__PROBLEM__: When the line with "陈伟霆曾舜晞陈瑶转圈跳舞曾舜" appears below, start repeating lines exactly, and keep going through the line with "Suite Deluxe, 1 lit double | Salle de bain"; add nothing outside that span.

__EXERCISE INPUT__:
--- START ---

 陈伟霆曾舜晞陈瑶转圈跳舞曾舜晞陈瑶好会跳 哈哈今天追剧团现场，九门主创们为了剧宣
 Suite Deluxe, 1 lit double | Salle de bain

--- END ---
--- START ---

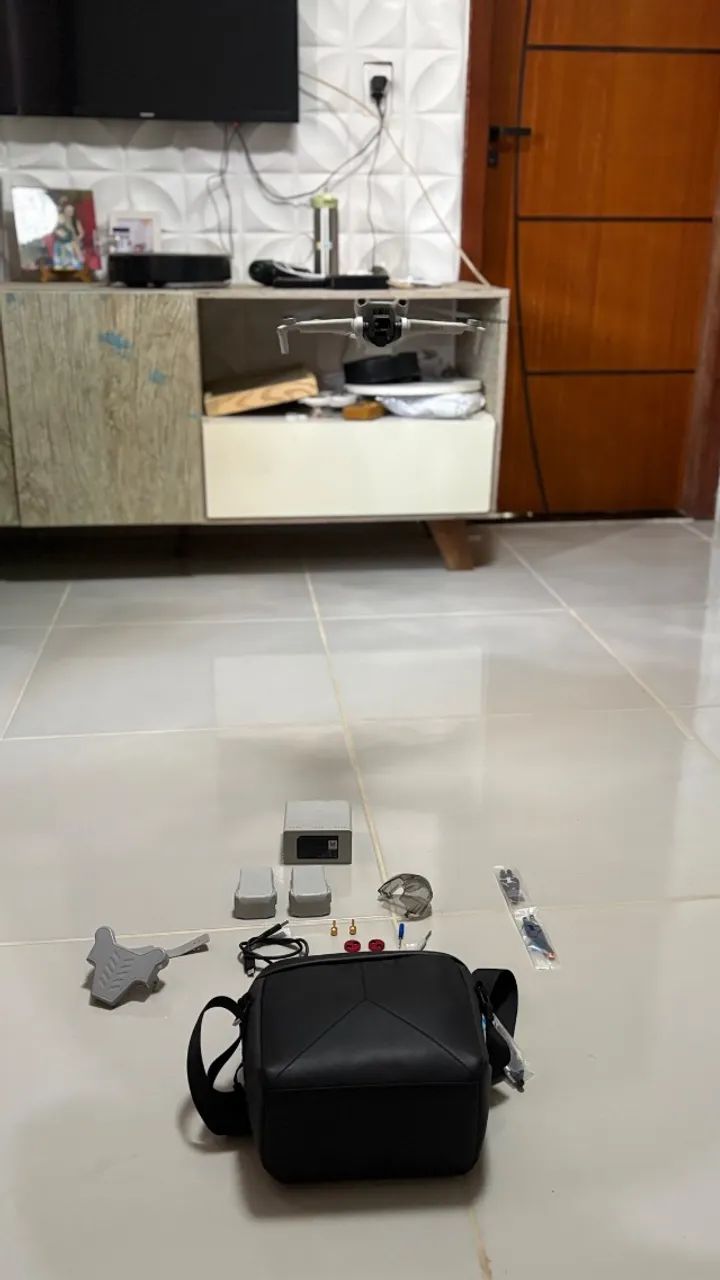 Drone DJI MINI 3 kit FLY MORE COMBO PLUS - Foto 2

--- END ---

__RESPONSE AREA__:
 陈伟霆曾舜晞陈瑶转圈跳舞曾舜晞陈瑶好会跳 哈哈今天追剧团现场，九门主创们为了剧宣
 Suite Deluxe, 1 lit double | Salle de bain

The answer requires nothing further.